Standard & Poor’s announced that they have degraded America’s outlook rating of AAA credit from “stable” to “negative,” which means that S&P will adjust and decrease the credit rating of the world’s largest economy in the next six to 12 months. At the same time, S&P claimed that the AAA credit rating of America would not change.

It’s hard to evaluate whether S&P’s lowering of the U.S. government’s credit rating is “objective” or not. But one thing is worthy of recognition, which is that the rating organization has seen the shadow behind the monumental recovery: There’s still no solution to problems like financial deterioration and heavy debts. It also seems that the U.S. persists in the old way of borrowing the world’s money and consuming the world’s resources.

“Twin deficits” have always been the most difficult problem to the U.S. government, and the U.S. remains the stumbling block to global economic recovery.
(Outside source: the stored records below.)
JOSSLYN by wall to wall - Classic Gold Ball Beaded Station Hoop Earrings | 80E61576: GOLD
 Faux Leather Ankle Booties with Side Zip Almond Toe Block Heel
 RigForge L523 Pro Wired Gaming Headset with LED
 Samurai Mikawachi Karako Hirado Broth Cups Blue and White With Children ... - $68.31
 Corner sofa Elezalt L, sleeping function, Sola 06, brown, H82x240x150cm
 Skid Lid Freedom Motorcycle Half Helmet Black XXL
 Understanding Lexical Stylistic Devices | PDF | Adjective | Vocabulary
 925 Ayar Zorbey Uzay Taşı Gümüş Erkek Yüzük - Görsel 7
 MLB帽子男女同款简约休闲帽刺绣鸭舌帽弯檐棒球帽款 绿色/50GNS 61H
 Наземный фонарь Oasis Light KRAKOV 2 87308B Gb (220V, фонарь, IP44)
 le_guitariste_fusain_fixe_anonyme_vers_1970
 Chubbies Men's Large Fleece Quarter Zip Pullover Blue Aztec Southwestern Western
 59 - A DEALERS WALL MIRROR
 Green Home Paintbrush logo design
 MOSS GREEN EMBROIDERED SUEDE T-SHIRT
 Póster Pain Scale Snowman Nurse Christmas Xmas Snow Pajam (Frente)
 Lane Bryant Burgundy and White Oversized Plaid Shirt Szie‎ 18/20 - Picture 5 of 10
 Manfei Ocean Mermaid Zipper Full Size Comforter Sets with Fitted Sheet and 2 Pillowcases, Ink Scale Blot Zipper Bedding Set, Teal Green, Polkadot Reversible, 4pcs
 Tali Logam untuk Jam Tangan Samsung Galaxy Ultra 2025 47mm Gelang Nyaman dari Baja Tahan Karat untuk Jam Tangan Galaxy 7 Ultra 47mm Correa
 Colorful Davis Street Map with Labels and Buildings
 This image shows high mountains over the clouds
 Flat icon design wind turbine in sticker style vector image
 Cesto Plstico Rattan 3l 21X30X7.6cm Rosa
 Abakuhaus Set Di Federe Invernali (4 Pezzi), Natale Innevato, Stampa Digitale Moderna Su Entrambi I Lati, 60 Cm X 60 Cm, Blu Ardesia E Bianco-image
America’s huge financial deficit is no more than a double-edged sword. If there’s no reduction of the deficit, the U.S. government will lose its credit and overwhelm the U.S. economy; but reducing the deficit will also bring uncertainty to economic growth, especially during the current recovery phase. Of course, the U.S. government hasn’t given up in making efforts to relieve the deficit.

Obama said in his deficit reduction speech that he would reduce the debt by $4 trillion in 12 years, will cut federal expenditure by 75 percent and increase tax revenue by 25 percent. Prior to this announcement, the two political parties reached an agreement on the budget for the 2011 fiscal year — cutting $38.5 billion from the $3.5 trillion budget in the 2011 fiscal year (due at the end of this September). The clarification of the deficit reduction plan indicate that Obama’s financial plan has suffered a huge blow; it could even mean that the cycle of financial restraint has begun.

Reducing the deficit may be regarded as the government’s endeavor to improve its balance sheet, to increase the U.S. government’s credit worthiness and market confidence for national debt and to reduce the market worry about federal government’s huge debt. But what is worrying is that once the cycle of financial restraint begins, the consequences may hurt the U.S. economy and weaken market expectation of economic recovery.

In order to break away from the shadow of the financial crisis as soon as possible, Obama has come up with a “dual strategy,” with the internal strategy to “remake” the U.S. through large-scale building up of infrastructure, including high-speed railways, public roads, next-generation Internet facilities, etc. These projects will doubtlessly provide abundant job opportunities for U.S. citizens and bring piles of orders for domestic enterprises. But now, with the start of financial restraint, stimulating the economy through large-scale infrastructure building will probably be aborted.

At present, the U.S. economy is recovering well and is realizing a self-sustaining recovery; one of the major contributing factors is the tax-reduction bill put forward by Obama before Christmas, which created a friendly environment for stimulating consumption in the U.S. However, before the complete recovery of personal balance sheets, the current economic power of personal consumption in the U.S. cannot compare with figures from before the crisis. If the financial stimulation is repealed too soon, it will cause, to a certain extent, a blow to the current burst of economic recovery. If U.S. economic recovery has depended on a two-legged strategy (through personal consumption and government expenditure) before the period of financial restraint, there runs a risk of the U.S. becoming “lame” in the future.